Start at the line below containing "Using your Rehook Bio Chain Wax" and stop at the line containing "Sport encaminha contratação, por". Repeat every line of that stretch exactly, and nothing outside it.

*** GIVEN INFORMATION Section Begins ***

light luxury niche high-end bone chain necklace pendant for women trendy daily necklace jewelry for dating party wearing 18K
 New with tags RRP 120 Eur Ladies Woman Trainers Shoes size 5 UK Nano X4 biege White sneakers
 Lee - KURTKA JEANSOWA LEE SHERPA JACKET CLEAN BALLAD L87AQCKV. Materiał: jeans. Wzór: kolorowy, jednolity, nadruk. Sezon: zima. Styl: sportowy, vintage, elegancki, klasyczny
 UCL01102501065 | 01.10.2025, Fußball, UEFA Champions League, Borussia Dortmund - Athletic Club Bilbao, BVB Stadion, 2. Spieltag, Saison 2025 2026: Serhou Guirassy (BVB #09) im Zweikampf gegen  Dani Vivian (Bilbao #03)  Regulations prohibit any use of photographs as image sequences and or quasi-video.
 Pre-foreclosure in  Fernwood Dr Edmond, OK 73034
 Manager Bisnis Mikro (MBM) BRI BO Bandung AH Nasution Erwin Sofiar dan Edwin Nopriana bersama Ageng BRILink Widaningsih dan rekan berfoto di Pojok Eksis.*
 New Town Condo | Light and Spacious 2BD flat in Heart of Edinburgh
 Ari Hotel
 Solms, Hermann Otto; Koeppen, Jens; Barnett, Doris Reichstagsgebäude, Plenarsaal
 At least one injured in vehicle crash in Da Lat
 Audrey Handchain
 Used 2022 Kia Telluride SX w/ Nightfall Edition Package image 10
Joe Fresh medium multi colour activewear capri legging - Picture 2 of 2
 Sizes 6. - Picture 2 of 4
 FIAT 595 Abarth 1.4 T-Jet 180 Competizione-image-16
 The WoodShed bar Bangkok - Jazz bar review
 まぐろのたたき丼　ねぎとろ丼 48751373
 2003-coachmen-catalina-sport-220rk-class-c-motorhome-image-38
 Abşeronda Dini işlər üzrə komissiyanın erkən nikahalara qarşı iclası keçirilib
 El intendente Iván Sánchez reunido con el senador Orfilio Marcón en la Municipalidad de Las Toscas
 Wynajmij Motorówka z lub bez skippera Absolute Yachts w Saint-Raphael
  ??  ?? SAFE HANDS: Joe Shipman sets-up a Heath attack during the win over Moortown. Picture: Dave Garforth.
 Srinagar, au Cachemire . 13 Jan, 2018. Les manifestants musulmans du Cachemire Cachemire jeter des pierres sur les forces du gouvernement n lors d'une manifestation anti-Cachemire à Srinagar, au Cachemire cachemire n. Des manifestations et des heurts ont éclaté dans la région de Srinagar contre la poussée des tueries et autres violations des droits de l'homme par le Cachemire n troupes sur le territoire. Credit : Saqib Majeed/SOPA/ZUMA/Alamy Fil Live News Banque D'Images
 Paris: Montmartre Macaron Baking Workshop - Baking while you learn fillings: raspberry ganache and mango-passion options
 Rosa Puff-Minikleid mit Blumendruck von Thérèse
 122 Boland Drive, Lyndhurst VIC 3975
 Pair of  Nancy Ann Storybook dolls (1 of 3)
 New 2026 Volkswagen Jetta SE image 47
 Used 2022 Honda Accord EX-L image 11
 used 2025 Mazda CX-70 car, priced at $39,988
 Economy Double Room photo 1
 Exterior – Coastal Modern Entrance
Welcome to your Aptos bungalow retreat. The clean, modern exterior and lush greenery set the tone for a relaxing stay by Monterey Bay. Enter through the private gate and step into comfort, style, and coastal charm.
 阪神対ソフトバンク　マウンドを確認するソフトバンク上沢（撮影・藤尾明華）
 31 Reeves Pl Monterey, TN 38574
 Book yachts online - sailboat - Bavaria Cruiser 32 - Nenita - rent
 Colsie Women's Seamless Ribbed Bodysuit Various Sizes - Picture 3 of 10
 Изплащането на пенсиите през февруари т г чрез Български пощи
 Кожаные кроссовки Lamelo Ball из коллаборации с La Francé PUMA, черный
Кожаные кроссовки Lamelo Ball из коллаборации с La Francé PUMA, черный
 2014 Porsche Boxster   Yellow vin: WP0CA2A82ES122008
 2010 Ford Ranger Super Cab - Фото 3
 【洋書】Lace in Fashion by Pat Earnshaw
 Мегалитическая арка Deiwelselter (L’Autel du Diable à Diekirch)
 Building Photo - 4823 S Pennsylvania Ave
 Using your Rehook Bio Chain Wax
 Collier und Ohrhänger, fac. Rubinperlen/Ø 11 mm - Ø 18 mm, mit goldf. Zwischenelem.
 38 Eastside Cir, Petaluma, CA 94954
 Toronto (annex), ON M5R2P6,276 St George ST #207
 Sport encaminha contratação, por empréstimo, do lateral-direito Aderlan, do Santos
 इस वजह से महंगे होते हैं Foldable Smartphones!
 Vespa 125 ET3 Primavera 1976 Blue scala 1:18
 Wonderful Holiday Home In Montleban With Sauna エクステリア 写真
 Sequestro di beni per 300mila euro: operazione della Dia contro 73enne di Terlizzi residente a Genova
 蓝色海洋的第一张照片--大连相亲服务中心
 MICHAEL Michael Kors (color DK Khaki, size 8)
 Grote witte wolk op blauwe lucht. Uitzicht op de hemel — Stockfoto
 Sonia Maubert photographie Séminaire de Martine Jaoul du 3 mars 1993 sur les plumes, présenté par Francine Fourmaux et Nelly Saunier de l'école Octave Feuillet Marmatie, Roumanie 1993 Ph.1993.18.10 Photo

*** GIVEN INFORMATION Section Ends ***

YOUR RESPONSE =>
 Using your Rehook Bio Chain Wax
 Collier und Ohrhänger, fac. Rubinperlen/Ø 11 mm - Ø 18 mm, mit goldf. Zwischenelem.
 38 Eastside Cir, Petaluma, CA 94954
 Toronto (annex), ON M5R2P6,276 St George ST #207
 Sport encaminha contratação, por empréstimo, do lateral-direito Aderlan, do Santos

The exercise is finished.